> **Requirement**
In the entries that follow, find the line containing "Indian black lacquered" and the line containing "Professional brand identity", then retype exactly the lines from the first through the second, pictures excluded.

> **Data supplied**
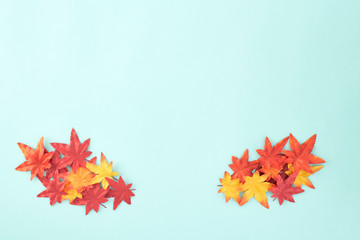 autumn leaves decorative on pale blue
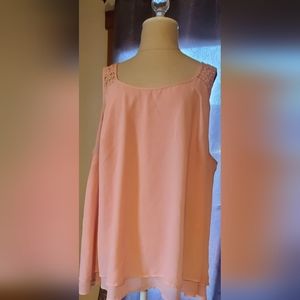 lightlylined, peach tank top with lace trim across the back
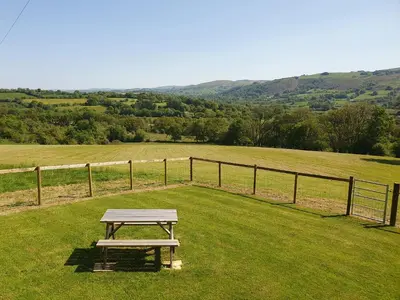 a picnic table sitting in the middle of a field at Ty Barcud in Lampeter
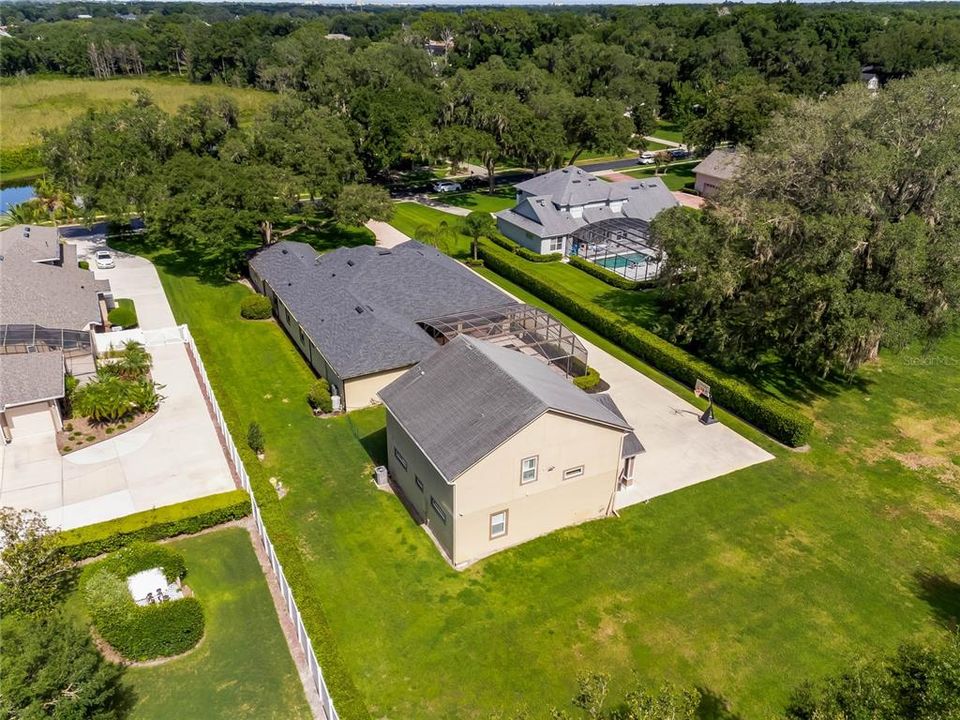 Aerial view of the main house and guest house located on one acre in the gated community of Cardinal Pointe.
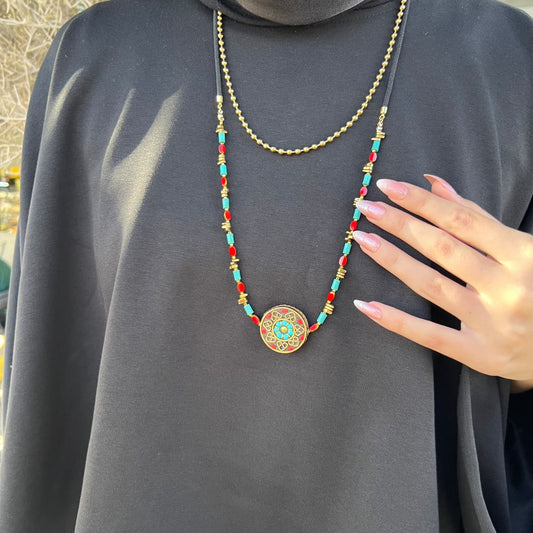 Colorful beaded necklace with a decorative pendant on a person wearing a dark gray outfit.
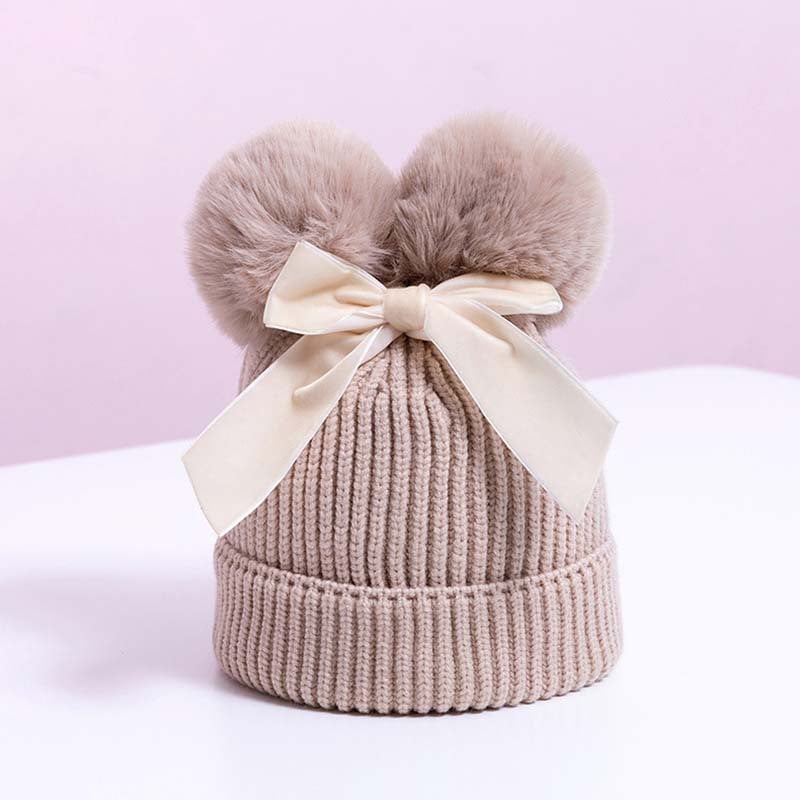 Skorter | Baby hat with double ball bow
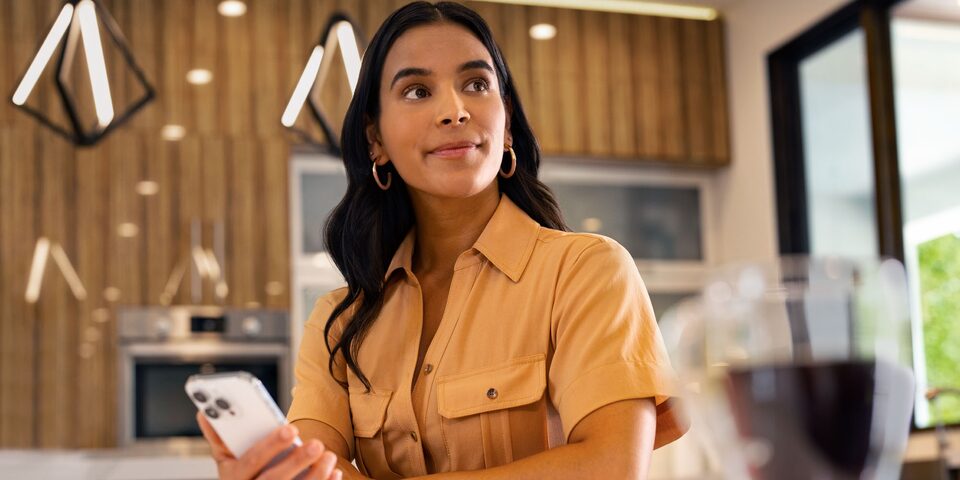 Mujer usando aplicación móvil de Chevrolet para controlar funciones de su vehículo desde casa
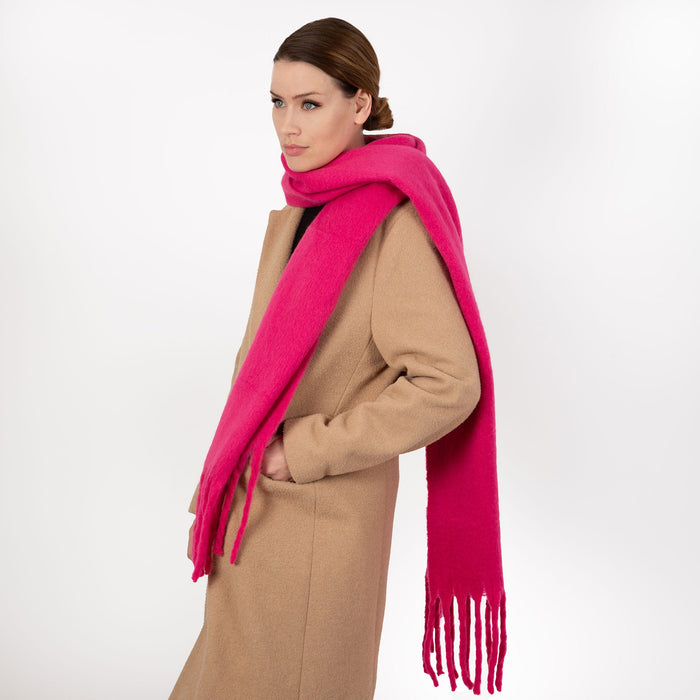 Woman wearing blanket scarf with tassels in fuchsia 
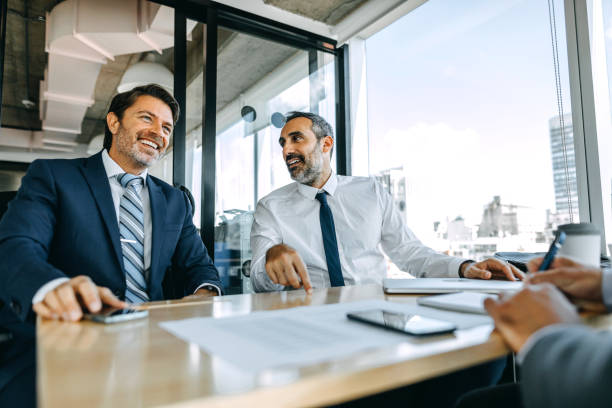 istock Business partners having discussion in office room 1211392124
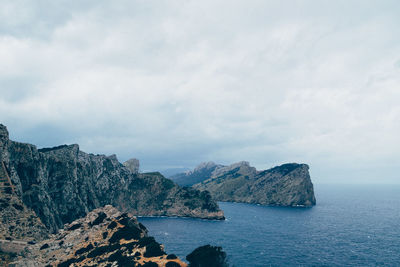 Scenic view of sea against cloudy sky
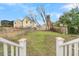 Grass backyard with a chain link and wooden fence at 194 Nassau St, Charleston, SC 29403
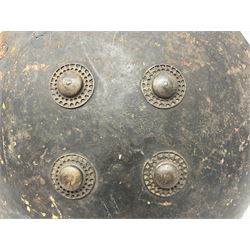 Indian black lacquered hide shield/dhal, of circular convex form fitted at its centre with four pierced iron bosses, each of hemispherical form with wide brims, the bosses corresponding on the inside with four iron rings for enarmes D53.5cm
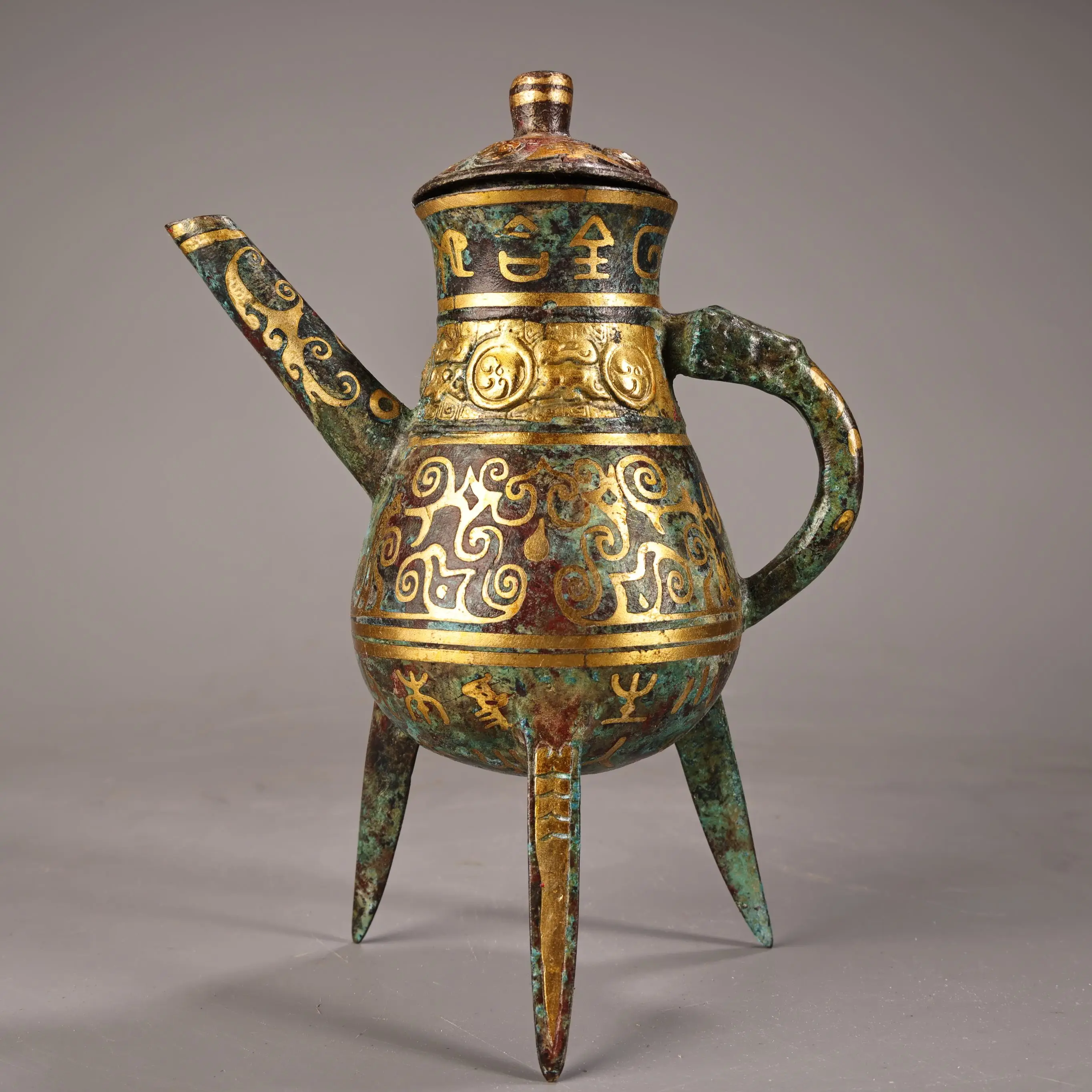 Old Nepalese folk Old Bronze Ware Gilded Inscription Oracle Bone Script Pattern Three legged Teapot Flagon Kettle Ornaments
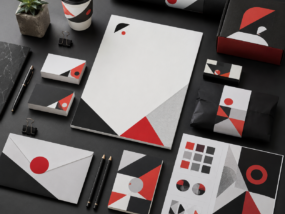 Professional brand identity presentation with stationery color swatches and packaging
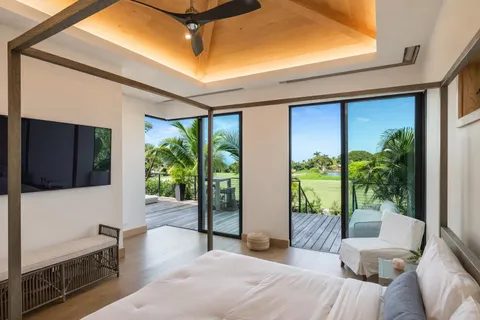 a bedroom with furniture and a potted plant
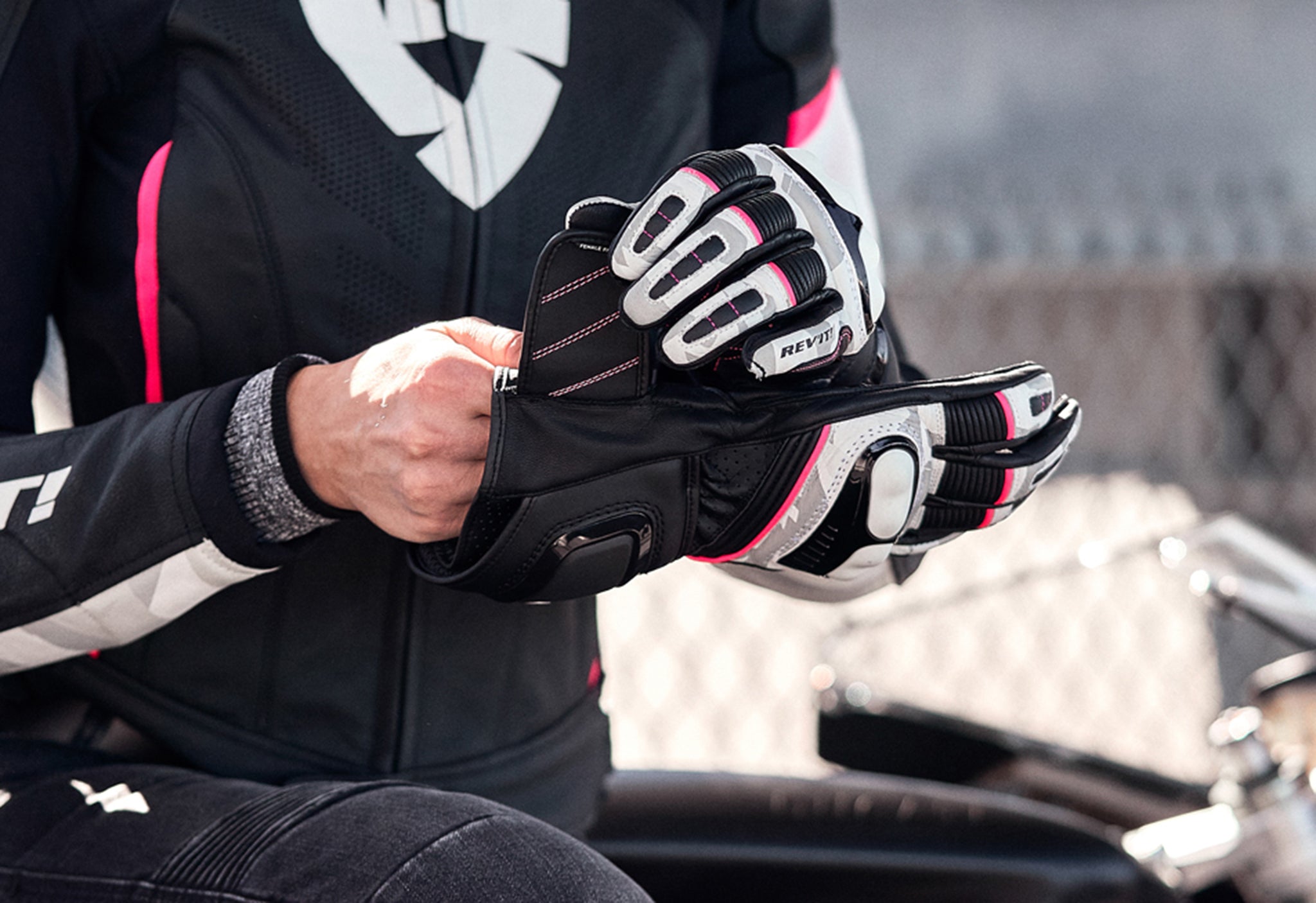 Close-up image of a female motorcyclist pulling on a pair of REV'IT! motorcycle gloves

> **Output of the task**
 Indian black lacquered hide shield/dhal, of circular convex form fitted at its centre with four pierced iron bosses, each of hemispherical form with wide brims, the bosses corresponding on the inside with four iron rings for enarmes D53.5cm
 Old Nepalese folk Old Bronze Ware Gilded Inscription Oracle Bone Script Pattern Three legged Teapot Flagon Kettle Ornaments
 Professional brand identity presentation with stationery color swatches and packaging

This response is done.